Erst jetzt, nachdem einer der großen Philologen im Lande, die "Unzeitgemäßen Betrachtungen" Nietzsches im Rücken, gegen den antiquarischen Geist seines Faches zu Felde gezogen ist, erkennen wir, wie staubtrocken und urteilsschwach die historisch-philologischen Disziplinen trotz ihrer Lust an immer neuen methodologischen Maskeraden im Lauf der Zeit geworden sind. Und bitten jetzt, der polemische Essayist, der den Staub der Germanistik aufwirbelt, möge Nachahmer in anderen Fächern finden.

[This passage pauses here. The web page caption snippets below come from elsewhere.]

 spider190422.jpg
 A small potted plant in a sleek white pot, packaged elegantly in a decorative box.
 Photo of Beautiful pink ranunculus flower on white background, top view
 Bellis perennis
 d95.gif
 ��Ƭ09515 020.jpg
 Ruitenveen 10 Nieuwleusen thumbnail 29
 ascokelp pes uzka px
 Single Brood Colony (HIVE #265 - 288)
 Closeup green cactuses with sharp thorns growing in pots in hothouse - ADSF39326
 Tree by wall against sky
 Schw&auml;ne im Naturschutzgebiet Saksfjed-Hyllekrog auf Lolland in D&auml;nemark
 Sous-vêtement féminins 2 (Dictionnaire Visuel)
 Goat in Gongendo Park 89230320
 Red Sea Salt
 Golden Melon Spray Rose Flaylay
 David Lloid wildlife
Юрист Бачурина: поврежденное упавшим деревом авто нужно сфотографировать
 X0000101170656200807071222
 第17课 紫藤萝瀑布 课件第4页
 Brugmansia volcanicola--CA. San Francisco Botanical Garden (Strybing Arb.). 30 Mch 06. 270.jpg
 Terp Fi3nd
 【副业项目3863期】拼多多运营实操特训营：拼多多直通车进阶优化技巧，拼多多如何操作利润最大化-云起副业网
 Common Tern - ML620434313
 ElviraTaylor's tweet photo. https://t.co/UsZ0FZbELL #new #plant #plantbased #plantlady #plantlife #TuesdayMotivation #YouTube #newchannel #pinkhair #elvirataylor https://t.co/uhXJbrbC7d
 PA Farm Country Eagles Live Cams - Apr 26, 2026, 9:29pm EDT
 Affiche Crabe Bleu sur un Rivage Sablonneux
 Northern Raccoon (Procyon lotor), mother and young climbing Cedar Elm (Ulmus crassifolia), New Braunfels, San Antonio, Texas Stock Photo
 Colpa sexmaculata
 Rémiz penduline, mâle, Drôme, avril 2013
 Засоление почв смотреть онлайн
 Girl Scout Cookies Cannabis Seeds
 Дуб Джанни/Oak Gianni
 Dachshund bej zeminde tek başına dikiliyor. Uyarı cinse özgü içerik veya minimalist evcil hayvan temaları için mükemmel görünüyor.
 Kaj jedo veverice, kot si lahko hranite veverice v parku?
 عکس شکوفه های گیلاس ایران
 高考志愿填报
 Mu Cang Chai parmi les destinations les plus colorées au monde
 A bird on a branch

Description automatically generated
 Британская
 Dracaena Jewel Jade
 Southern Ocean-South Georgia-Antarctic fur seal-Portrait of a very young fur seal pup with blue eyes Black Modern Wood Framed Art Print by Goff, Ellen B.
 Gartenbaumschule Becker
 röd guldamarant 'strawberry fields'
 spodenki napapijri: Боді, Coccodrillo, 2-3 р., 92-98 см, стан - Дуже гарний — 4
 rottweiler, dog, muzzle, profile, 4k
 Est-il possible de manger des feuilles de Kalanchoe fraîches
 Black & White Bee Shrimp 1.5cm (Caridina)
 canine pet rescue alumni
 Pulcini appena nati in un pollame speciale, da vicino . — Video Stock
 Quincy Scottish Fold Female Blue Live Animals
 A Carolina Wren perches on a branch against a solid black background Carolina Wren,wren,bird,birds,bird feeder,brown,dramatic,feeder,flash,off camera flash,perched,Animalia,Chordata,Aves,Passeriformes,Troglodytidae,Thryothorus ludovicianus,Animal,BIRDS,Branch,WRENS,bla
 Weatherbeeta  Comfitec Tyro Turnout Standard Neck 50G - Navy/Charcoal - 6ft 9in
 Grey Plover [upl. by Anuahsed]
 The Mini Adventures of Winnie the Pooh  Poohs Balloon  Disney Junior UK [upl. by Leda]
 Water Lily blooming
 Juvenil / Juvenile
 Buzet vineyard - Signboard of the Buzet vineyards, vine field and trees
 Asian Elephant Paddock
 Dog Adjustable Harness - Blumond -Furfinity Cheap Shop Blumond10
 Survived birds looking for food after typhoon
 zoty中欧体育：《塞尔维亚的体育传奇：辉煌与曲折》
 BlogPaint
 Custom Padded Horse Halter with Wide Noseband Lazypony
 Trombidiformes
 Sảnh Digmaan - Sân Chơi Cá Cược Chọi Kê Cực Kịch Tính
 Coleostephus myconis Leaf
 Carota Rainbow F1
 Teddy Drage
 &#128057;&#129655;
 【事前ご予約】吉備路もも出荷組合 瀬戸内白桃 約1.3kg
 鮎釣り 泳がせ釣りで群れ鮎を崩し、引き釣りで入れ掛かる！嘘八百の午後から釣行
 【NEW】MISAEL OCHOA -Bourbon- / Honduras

Man stelle sich vor: ein Buch wie dieses aus der Mitte der Historie oder der Philosophie ... nicht auszudenken, das Glück. (Ulrich Raulff: Der rebellische Mandarin, in: Süddeutsche Zeitung, München, vom 26. 02. 2002.

Ein Beispiel:
Undeutbare Geschichten, befremdliche Bilder, riskante Gedanken, unvorhersehbare Experimente in einer entfesselten Sprache - jene Freuden also, wie sie die süd- und nordamerikanische Literatur in der zweiten Hälfte des 20. Jahrhunderts bereitet, muß der Leser der deutschen Gegenwartsliteratur vermissen. Wo solche Möglichkeiten sich andeuten, in Grass´ und Schmidts frühen Romanen, werden sie sogleich durch humoristische Schmunzeleffekte verkleintert. (Seite 150)
Diese beiden Sätze müßten eigentlich reichen, um dem Buben das Handwerk zu legen. Aber der Quark, den er breitgetreten und (vor allem) der Staub, den er aufgewirbelt hat, verlangen nach mehr.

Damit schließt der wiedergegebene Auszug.